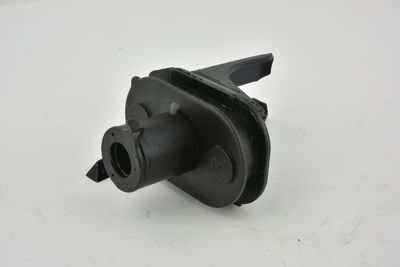 SUPORT AX FEBEST HMCLR 21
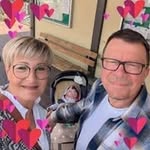 Ursula Simon - @ursula390733 - Instagram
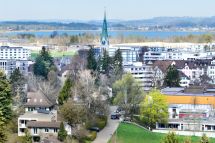 Bezirksratsentscheid im Sinne der RPK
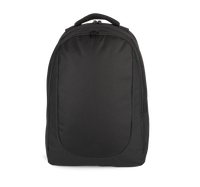 majcoteka:sku:ki0193bl-u:color:ki0193-black-a1.png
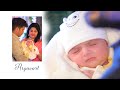 Aryavart   baby welcome party   ridhi studio photography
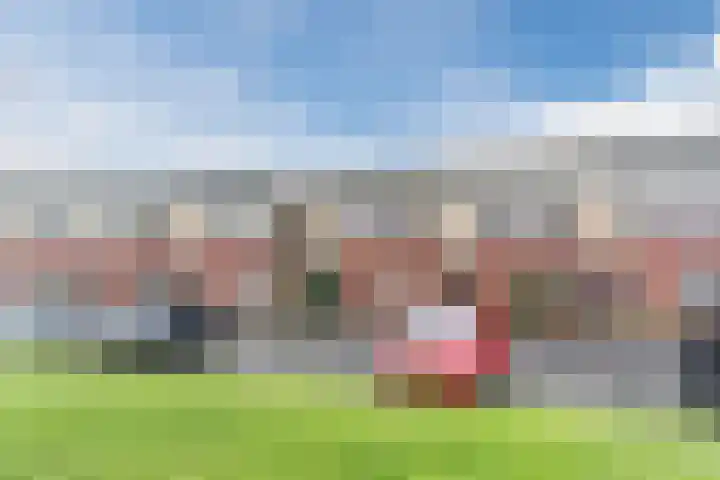 Koninginnestraat 101 Geldrop thumbnail 6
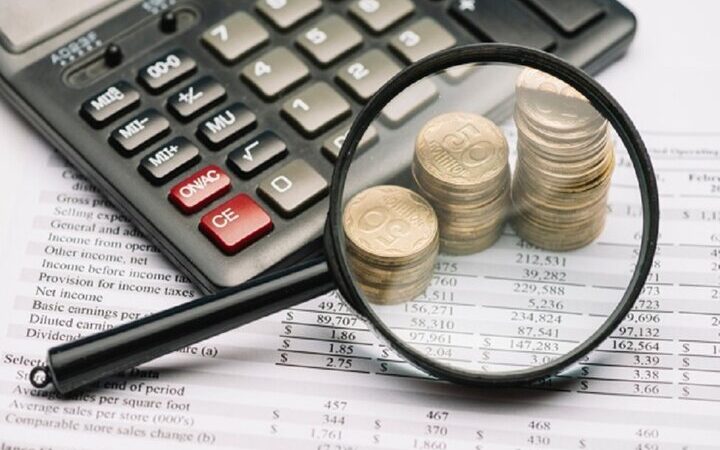 قانون جدید مالیات بر سوداگری تا پایان امسال به صورت آزمایشی اجرا می‌شود!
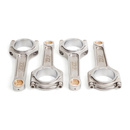 ZRP conrod  kit VAG 1.4L TSI EA111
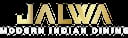 Jalwa: Modern Indian Dining Contact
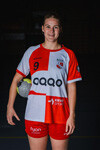 Caytlin Wennink (9)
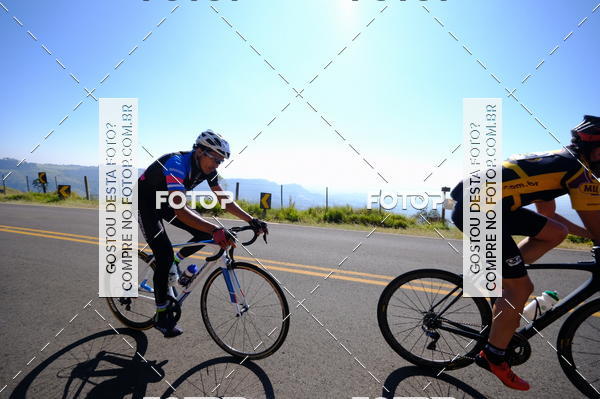 Compre as suas fotos do eventoBrasil Ride - Road no Fotop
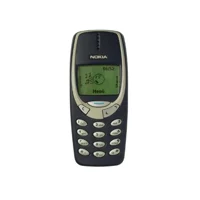 Nokia 3310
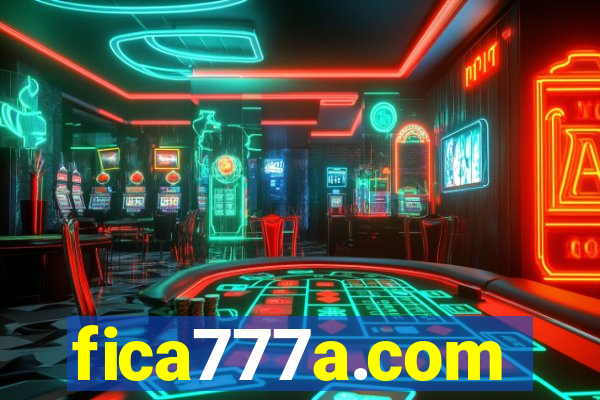 fica777a.com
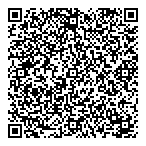 QR код "Интерьер-плюс"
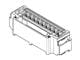 Molex 205957-1470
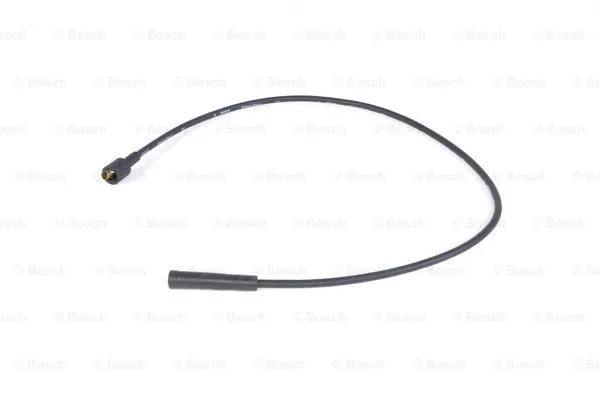 Ignition Cable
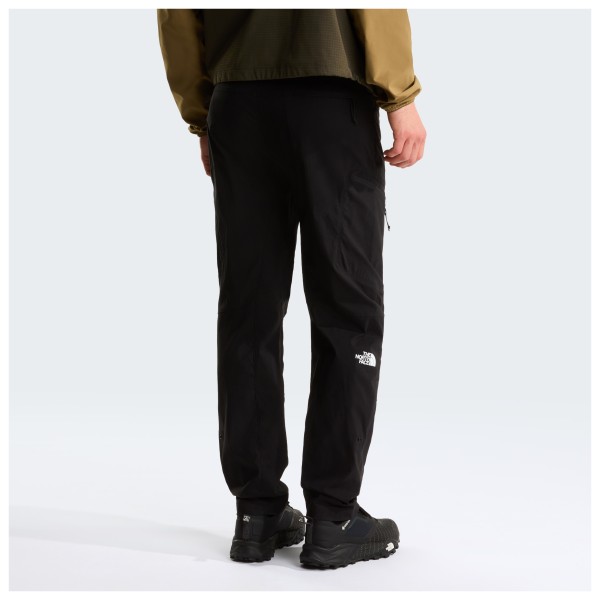 The North Face - Exploration Tapered Pants - Trekking bukser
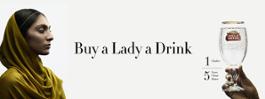 Stella-Artois-Buy-A-Lady-A-Drink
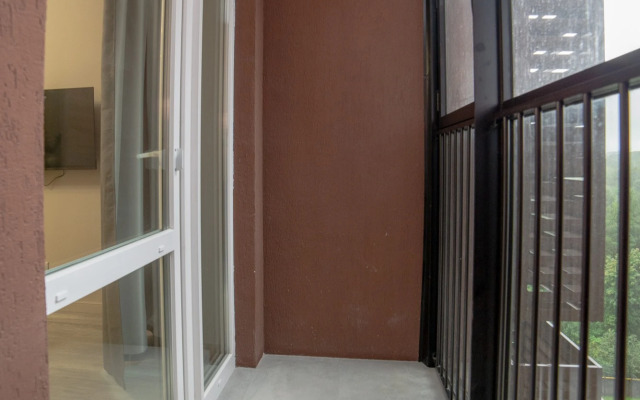 BeGuest на 8 марта 204Д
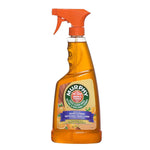 Load image into Gallery viewer, Murphy Oil Soap 650 mL Multi-Use Wood Cleaner Spray – Safe Hardwood &amp; Laminate Floor Cleaner
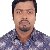 Muhammad, 37, Had Dra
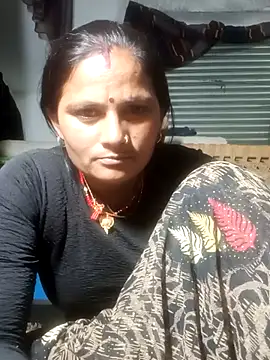 Manesakoli36 online show from March 22, 12:30 pm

◇ ◇ ◇ ◇ ◇

EXERCISE DIRECTIONS: No pictures belong in the answer, only the lines from the top of the listing through the line containing "BeGuest на 8 марта 204Д", repeated word for word.

ANSWER BOX:
 SUPORT AX FEBEST HMCLR 21
 Ursula Simon - @ursula390733 - Instagram
 Bezirksratsentscheid im Sinne der RPK
 majcoteka:sku:ki0193bl-u:color:ki0193-black-a1.png
 Aryavart   baby welcome party   ridhi studio photography
 Koninginnestraat 101 Geldrop thumbnail 6
 قانون جدید مالیات بر سوداگری تا پایان امسال به صورت آزمایشی اجرا می‌شود!
 ZRP conrod  kit VAG 1.4L TSI EA111
 Jalwa: Modern Indian Dining Contact
 Caytlin Wennink (9)
 Compre as suas fotos do eventoBrasil Ride - Road no Fotop
 Nokia 3310
 fica777a.com
 QR код "Интерьер-плюс"
 Molex 205957-1470
 Ignition Cable
 The North Face - Exploration Tapered Pants - Trekking bukser
 Stella-Artois-Buy-A-Lady-A-Drink
 BeGuest на 8 марта 204Д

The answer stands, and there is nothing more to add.